Shares dropped 8 per cent on Thursday morning to Skr101.60. The group faces intense competition to sell equipment and services to global telecoms operators, which is likely to be become even fiercer in future given the proposed acquisition of Alcatel-Lucent by Nokia to create a stronger European rival.
Operating profits in the first quarter fell further than analysts had expected. The decline was partly because Ericsson needed to offer cheaper deals to secure new contracts, in particular in China, which led to a decline in margins.
Operating profit dropped to Skr2.1bn from Skr2.6bn in the same period in the previous year, which was also lower than had been anticipated. Gross margin was reported at 35.4 per cent, compared with 36.5 per cent last year.
Revenues during the first three months of the year were also worse than analysts' forecasts. Revenues rose by 13 per cent to Skr53.5bn owing to the effect of the strong dollar but sales on a like-for-like basis dropped 6 per cent. Like-for-like sales at the core networks equipment business fell 9 per cent.
Hans Vestberg, chief executive, warned that Ericsson expected "North American mobile broadband business to remain slow in the short term". He added that "the fast pace of 4G deployments in Mainland China [would] continue".

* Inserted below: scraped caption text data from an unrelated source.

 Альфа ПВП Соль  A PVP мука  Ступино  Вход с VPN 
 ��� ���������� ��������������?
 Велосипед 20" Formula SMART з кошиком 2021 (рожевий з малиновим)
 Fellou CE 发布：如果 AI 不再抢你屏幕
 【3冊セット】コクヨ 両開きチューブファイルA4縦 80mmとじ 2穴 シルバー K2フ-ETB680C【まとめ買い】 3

Mr Vestberg said that the merger of Ericsson's two main European rivals would not affect its own strategy. He declined to say whether the deal was positive or negative for Ericsson, but added that it was a "logical" step for the two companies.

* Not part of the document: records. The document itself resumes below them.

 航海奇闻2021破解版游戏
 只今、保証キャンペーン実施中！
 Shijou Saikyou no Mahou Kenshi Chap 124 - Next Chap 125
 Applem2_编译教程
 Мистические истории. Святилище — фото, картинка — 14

Ericsson will remain the largest telecoms equipment maker by sales even after the two rivals have merged.
An ongoing legal battle over the right to use Ericsson's patented technology with Apple - one of its largest licensing partners - also weighed on revenues in the quarter.
Analysts at Bernstein said that "the magnitude of the gross margin impact of this change in mix is surprising", but that the fundamental strengths of Ericsson as the market leader gave it confidence for a recovery.
"We believe the ongoing dispute with Apple accounts for at least 100 basis points of the gross margin disappointment," said Bernstein. "Most of the gross margin disappointment is driven by mix shift with US network sales down 20 per cent year on year and South East Asia and India network sales up 30 per cent and 137 per cent respectively."